Sanuka reflected upon his time at BAC and what he wanted his legacy to look like: “It’s the community here that I appreciate most. I hope that our work to set up the SRC this year will be our legacy—and that it lasts a very long time.”

Mr Dever talked about what he valued most in his career as an educator: people. He then addressed the current student population, specifically: “You might think we only remember when you get in trouble, but the truth is that we love watching you grow.”

Secondary teacher and Head of Physical Education Mr Martin Rutkowski—a second-generation alumnus whose own children now attend the College—introduced guest speaker Mr Jack Ryan. Mr Rutkowski spoke of the leadership of his former principal when he himself was a student and later a teacher (2006-2014), and how he is now Education Director for Adventist Schools in South Queensland.

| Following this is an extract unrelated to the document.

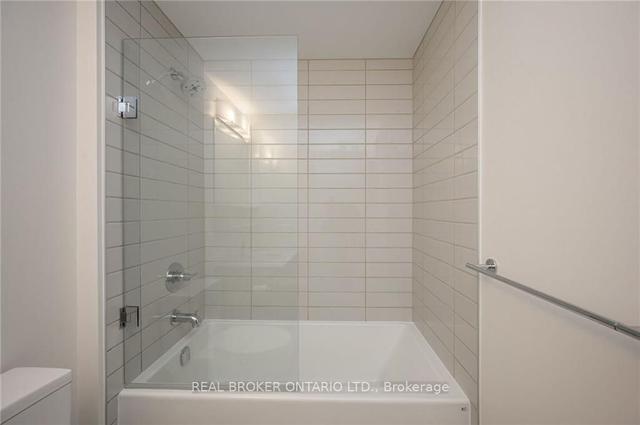 507 - 320 Plains Rd E, Condo with 1 bedrooms, 1 bathrooms and 1 parking in Burlington ON | Image 2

Mr Ryan spoke of ‘Plutarch’s Puzzle,' a dilemma posed by Plutarch about the stories of Theseus, a legendary hero from Greek mythology. As the story goes, the ship on which Theseus sailed had been storm-damaged and was in need of repair. After many days, Theseus's sailors had replaced every plank. Not one part of the original ship remained, from stern to bow. Plutarch’s Puzzle is this question: When Theseus and his men reach their destination, was the ship they were sailing the same one they set sail in? Or was it a new ship? Plutarch’s audience, many audiences since, and our audience today, considered what it is that creates 'identity.' He pointed out that so much of what BAC was like at the beginning has now developed and changed. So is it still the same school? Does an entity's identity consist of the pieces that it was made from, or is it the people and purpose through which it operates?

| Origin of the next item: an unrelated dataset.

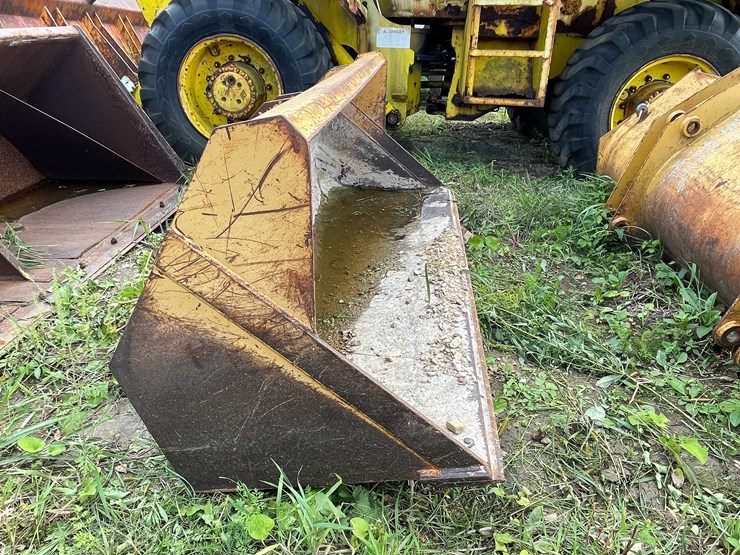 #1143-•-front-loader-bucket-attachment-image-4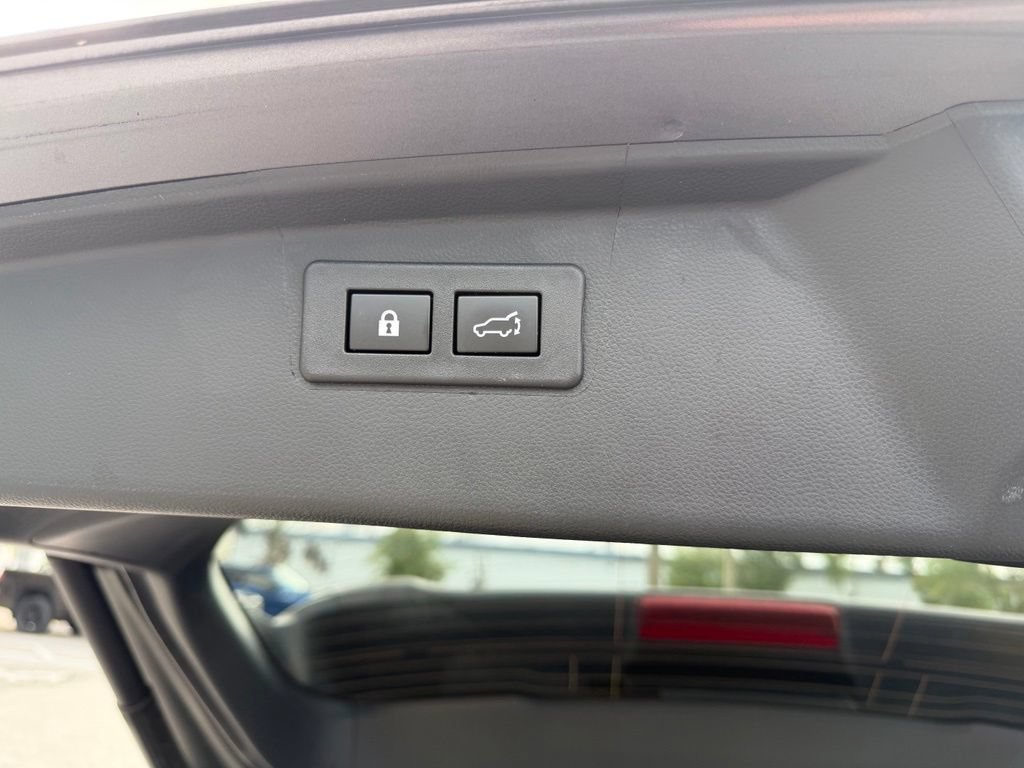 Used 2025 Subaru Outback Premium AWD/4WD image 8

Mr Ryan then drew lessons from the great Steinbeck novel Of Mice and Men, which deals with questions of power. Through his story, he encouraged us to think of each person as a contributor to our BAC environment. For instance, our College needs the youngest and most senior members of our community, our students and teachers, our parents and staff... our cleaners and curriculum coordinators.

People and purpose constitute the identity of BAC. Every person who was ever part of our College contributes to who we are. We may have replaced the ‘boards’ many times (teachers, students, board members, principals, and parents, have come and then left), but 'we' are BAC and will always be BAC. “And it’s all because of the people who worked and learned here, and our purpose.”

We’d like to thank our guests today for joining us in commemorating this significant milestone.